3. New Jersey — Derrick Favors, forward/center (Georgia Tech): This is a pick for the future. With Brook Lopez locked in at center, Favors will be an oversized and athletic four that will be a matchup nightmare. Favors is also raw. Incredibly athletic, with a world of potential. But raw. However the Nets are rebuilding and have time to wait for him to mature, to grow along with the rest of the squad.

4. Minnesota — Wesley Johnson, forward (Syracuse): A three who can attack the rim and get out and run, but did a lot of damage in the half court in college (because he got favorable matchups, we’ll see how it goes in the pros where the defenders are bigger and faster). Johnson has a versatile game that will be able to blend in with what is now being built in Minnesota. He also can defend and will contest shots out on the perimeter because of his length.

5. Sacramento – DeMarcus Cousins, forward/center (Kentucky): This guy may be the biggest beast in the draft, a guy making the top four capable of regretting their pick. And paired with Tyreke Evans… Sacramento is to be feared. Cousins is an athletic beast on the block, with polished moves and some outside shots. He can board like mad.  Good footwork. He is the best big in this draft easily, the best overall maybe – if his head is on right. There were questions about his work ethic, then he showed up 15 pounds heavy to the NBA Draft Combine. Mature and focused Cousins is elite. Otherwise, this is your bust.

6. Golden State – Ekpe Udoh, forward (Baylor): Hard to say how he fits in with a roster and franchise in flux, but he can protect the rim and that is something they certainly could use in the Bay Area. Udoh can do more than just block shots, he can step out to the midrange, too. He had to create a lot of his own looks in Baylor, someone will do that for him in Golden State. And by someone we mean Stephen Curry. Should be a good fit. Whatever style they are going to play there.

7. Detroit – Greg Monroe, center (Georgetown): Monroe is the rare forward/center whose best skill is passing, and he brings with that a diverse and polished offensive game. Just a great basketball IQ to go with it. He’s going to have to learn how to defend in the post, he’s going to have to be more physical, but he can give you minutes now and can fit in any system.

8. L.A. Clippers — Al-Faroq Aminu, forward (Wake Forest): This was one of the other foregone conclusions, the Clippers have signaled this is their guy for a while. The Clips need an athletic three, they hope it can be this guy. He is an amazing athlete, he likes to defend, he can board, he can drive and draw fouls, he can work in transition. But he was also on our bust to watch list for a reason –he’s a forward who shot 45% in college and isn’t much of an outside shooter (24% on jumpers last year). He’s a bit of a tweener. If he can develop the skills of a three it’s a fit. Otherwise, well, it’s the Clippers.
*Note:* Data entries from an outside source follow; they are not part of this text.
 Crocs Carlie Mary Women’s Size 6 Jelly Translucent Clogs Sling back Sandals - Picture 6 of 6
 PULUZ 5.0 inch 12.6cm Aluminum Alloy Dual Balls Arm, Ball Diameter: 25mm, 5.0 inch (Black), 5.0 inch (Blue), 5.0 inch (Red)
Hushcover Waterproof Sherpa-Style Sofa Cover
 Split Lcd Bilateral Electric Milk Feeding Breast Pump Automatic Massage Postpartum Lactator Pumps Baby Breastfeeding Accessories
9. Utah – Gordon Hayward, forward (Butler): Hey Knicks this was your pick. Just a reminder. Hawyard has a great college game but the question is can he get his shot off at the next level. But going to Utah may help with those issues – he has the understanding of the game and how to fit in  the motion system of the Jazz. The system will get him shots, and he can knock them down. But there are serious questions of if he can defend at the NBA level. If he can’t, Jerry Sloan will sit him fast. We had Hayward on our bust list — and he could turn out to be perfect for that list — but this may be the best place for him to land, and not have too much expected of him out of the gate.

10. Indiana – Paul George, forward (Fresno State): This is a guy who climbed fast when scouts started watching him up close. He’s listed as a 6’8″ forward but he is really more of a two/three on the court. He’s on our sleeper list because who expects a big star to come out of Fresno State right now, but his smooth game could translate well. He has to stop the turnovers, got to improve the handles, but he has a fantastic jumper good out to the arc and beyond. This is not a pick for right now but for a couple years from now, he has really bloomed in the last couple years and could be solid to special.
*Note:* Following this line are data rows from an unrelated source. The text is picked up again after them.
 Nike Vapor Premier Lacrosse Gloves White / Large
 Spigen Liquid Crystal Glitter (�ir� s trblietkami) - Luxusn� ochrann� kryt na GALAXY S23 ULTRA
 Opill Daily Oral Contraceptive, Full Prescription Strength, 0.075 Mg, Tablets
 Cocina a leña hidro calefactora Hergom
11. New Orleans – Cole Aldrich, center (Kansas): Hornets, you got yourself a solid role-playing big man. If he stays, rumor is he gets traded to Oklahoma City as part of a larger deal. He can defend and board, and score a little. Do not expect to be wowed by his athleticism, he’s not going to drop 20 very often. You did not get a lottery star player, don’t go in expecting that. But he can give you some defense on the second unit, do the little things. That should be enough to help.

12. Memphis – Xavier Henry, guard (Kansas): Henry can shoot the rock. Hit 41% from three last year and is good as the spot up guy. What I really like about him he is plays within himself, he is not great at going to the rim, so he doesn’t do it much (unless it’s wide open). Just a smart player and a good athlete, he works hard on defense. He can step in and be a role player, but he never is going to be much more than that.

13. Toronto – Ed Davis, forward (North Carolina): He came back to North Carolina for another year to… well, college is a lot of fun. Not sure what he got of it on the court. He has a good game in the post with nice touch but no face up game and it’s hard to be a super successful four in the league without that. He’s got an NBA body that will fill out more and can explode at the rim. He can finish lobs and on the break, but his he needs to get the midrange to really reach the next level. But he could grow into something good.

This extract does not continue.